Now, with the captain missing and everyone — even her own government — determined to hunt her down, things are going from bad to impossible. The sensible plan would be to hide and wait for things to blow over, but Devi’s never been one to shy from a fight, and she’s getting mighty sick of running.

It’s time to put this crisis on her terms and do what she knows is right. But with all human life hanging on her actions, the price of taking a stand might be more than she can pay.

My Review:

The titles of the Paradox series did not really resonate with me until Devi herself brought it to my attention.

“Hello, Deviana,” he said, his voice calm and dreamy. “It is always a pleasure to share space with any companion of my darling Novascape and Copernicus. I was just about to start a game. Do you play chess?”

My smile vanished. Why did all these former Eye types keep asking me that? “No,” I said, “I don’t know how.”

I feel you Devi. I’m not a chess fan myself, and I do not enjoy anyone trying to turn chess into a metaphor for life. It’s just a game people. Personally, I hope that by the time human society has expanded into several galaxies, and encountered a multitude of sentient alien life, we would have moved beyond the chess obsession.

Which is to say, that unlike Marlene, the chess comparisons do not resonate with me. Devi’s character does evolve over the course of the series (which I discussed in detail in my review of Honor’s Knight), but, much to my chagrin, she doesn’t mature into a queen in her own right.

However, we’re all forever grateful that Devi booted Charkov off the angst-ridden-love-slave train. I finally started to get behind their relationship once he’d started sharing necessary information about the Eyes, Maat, and the Daughters with Devi. Basically once he stopped waffling and went all in, I could ship it.

Then…well, then I found out why people have been comparing this series to urban fantasy. “Devi, I am a tortured old vampire man, the last survivor of my species planet, who never understood love until you. Alas, my demon symbiont hates you for bringing joy to my soul and will forever try to take you from me. I am so utterly selfishly enslaved by your vagina that I couldn’t bear to leave before, but now, despite always knowing this would happen, I truly know how dangerous I am. Woe. Ennui.”

“The only way you put me in danger was by not telling me this shit earlier!” I yelled, ignoring the pain in my throat as I shot to my feet as well. “If you want to beat yourself up over something, beat yourself up over that, but like hell am I letting you abandon me out of some stupid, chivalrous, self-punishing sense of guilt.”
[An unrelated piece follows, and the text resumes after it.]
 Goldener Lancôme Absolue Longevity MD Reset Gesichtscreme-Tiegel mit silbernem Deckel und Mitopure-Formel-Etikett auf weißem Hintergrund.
YES. Of course, being Devi, she immediately solves the problems that Eyes have been plagued with for 90+ years on symbiont control. The Eyes clearly needed to recruit more practical soldier types, and fewer True Believers.

Once we all stop rolling our eyes at the romance hurdles, Rachel Bach decides to use the opportunity to drop a Paradoxian-society-bomb in our laps.

I couldn’t help it. I burst out laughing. It was horribly inappropriate, but I couldn’t stop. He just looked so damn earnest. “You can’t get me pregnant,” I said when I finally got a hold of myself. “I’m Paradoxian, remember?”

The look on Rupert’s face at that moment was absolutely priceless. “What does that have to do with it?”

“I never got out from under the ban,” I said, wiping my eyes. “Honestly, Rupert, what kind of girl did you think I was?”

If Rupert had looked bewildered before, he looked absolutely dumbfounded now. “Ban?”

My smile faded. “The king’s fertility ban.” When that got nothing, I spelled it out for him. “All Paradoxians are sterilized at twelve. Breeding rights aren’t returned until you’ve finished your military service.”

Rupert’s bewildered expression had turned horrified by the time I finished, and I put my hands on my hips. “How do you not know this? The ban’s been in place for over a century. It was all over the Terran propaganda during the Border Wars.”

“Exactly,” Rupert said. “I always thought it was just propaganda.” He pushed up on his elbows, looking me straight in the face. “You’re seriously saying your government forcibly sterilized you?”

“Not forcibly,” I said. “My mom took me in to get it done on my birthday. The whole thing was over in ten minutes. And it’s not like it’s forever. I’ve been eligible to have it reversed for years. I just never saw the point. I mean, do I look like the sort of person who wants to worry about babies?”

I finished with a grin at the ridiculousness of that idea, but Rupert was still staring at me like I’d grown a second head. “I’m sorry,” he said, falling back on the bed as he reached up to rub his temples. “It’s just, it sounds a bit barbaric.”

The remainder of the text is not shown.